Like so many others, my parents were counting on the revolutionary government to be like the dozen or so administrations since Cuba had freed itself from Spain at the end of the 19th century: with the exception of Gerardo Machado’s dictatorship, they were mostly ephemeral, propped up or dismissed at the whim of the United States. My family wasn’t rich – we owned nothing – but we wanted to go back to our country, to live in our homeland.

So many years later, the Cuban Revolution has proven itself remarkably durable. This year marks the 50th anniversary of the triumph of the Revolution.

As a child of exiles, I grew up with very particular mantras about Cuba and the Revolution. Because these came from my parents, I believed them whole-heartedly. I still remember going to Mexico as a 15 year-old exchange student and seeing someone wearing a Che Guevara t-shirt (it was not, in fact, the ubiquitous Korda image of today). I stood still, waiting for a reaction from the crowds … anything … because it seemed impossible that such a momentous thing could happen and that no one would scream or do something. Was it possible that the Cuban Revolution, the source of so much anguish for my family, could be such a banal thing to others that a Che T-shirt could pass by so inadvertently?

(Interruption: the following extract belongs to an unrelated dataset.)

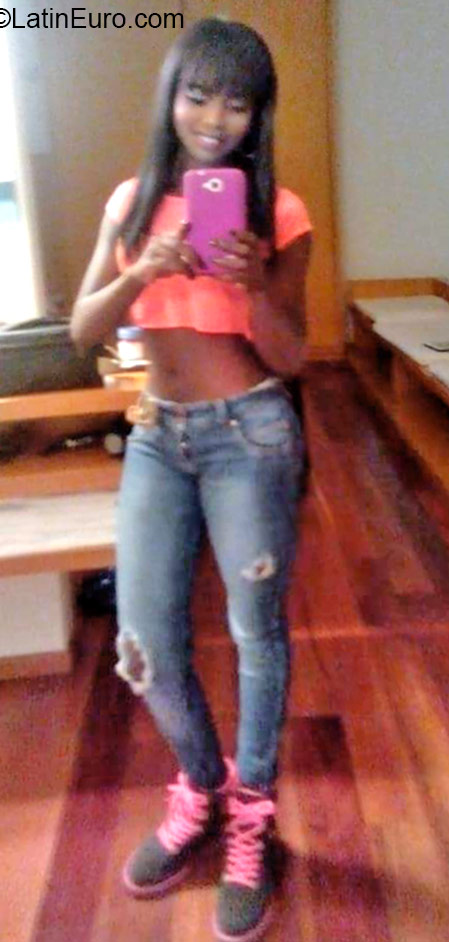 Date this georgeous Colombia girl Vanessa from Cali CO18244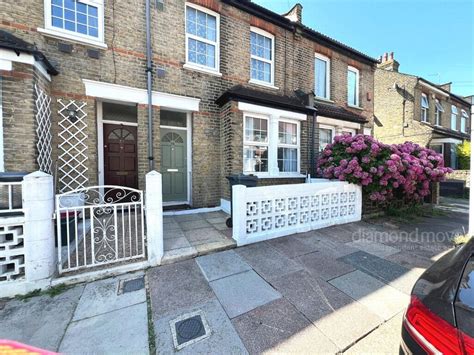 2 Bed Terraced House To Rent In Stanley Road Hounslow Tw3 £1 800 Pcm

In college, I went to hear Irakere, the great Cuban jazz band, on their first U.S. tour with Stephen Stills. I wrote a gleeful review for my campus paper. What I didn’t write about was going backstage, marveling at the warmth and camaraderie we shared, at the sheer normalcy of it.

Later, in college, and especially as I met young Cubans who traveled to Cuba in defiance of familial objection and U.S. policy, I began to hear other stories about the island, and about the revolution. And I began to question many things. I met Cubans who lived in Cuba and were in the U.S. on scholar or artist visas.

I read my poetry in tandem with poet Eliseo Diego and argued about how gays were treated in Cuba with singer Sara Gonzales. There was much praising of the Revolution, or sober and measured commentary, so much in contrast to exile extreme. But sometimes, especially if there was too much drinking, there would be dark confessions, especially from closeted gays, about things that weren’t right.

I also briefly became friends with Reinaldo Arenas, an intense man with razor-sharp intellect whose contempt for the revolution was legendary (he left a note blaming his suicide on Fidel Castro!) but who also said upfront that he might never have become a writer without the revolution’s educational policy.

In 1995, I went to Cuba for the first time, attending a conference on national identity. It was a strange and enchanting trip, though the transcripts of the conference will reveal I said not one word. Instead, I watched, I listened. I did all the things returning Cubans do – I visited the tiny apartment in which I was conceived, I walked up the steps of the University of Havana, I strolled the Malec — n and cried a lot. I was much fawned over, the prodigal daughter returned – because in Cuba, I never left: my parents “took” me.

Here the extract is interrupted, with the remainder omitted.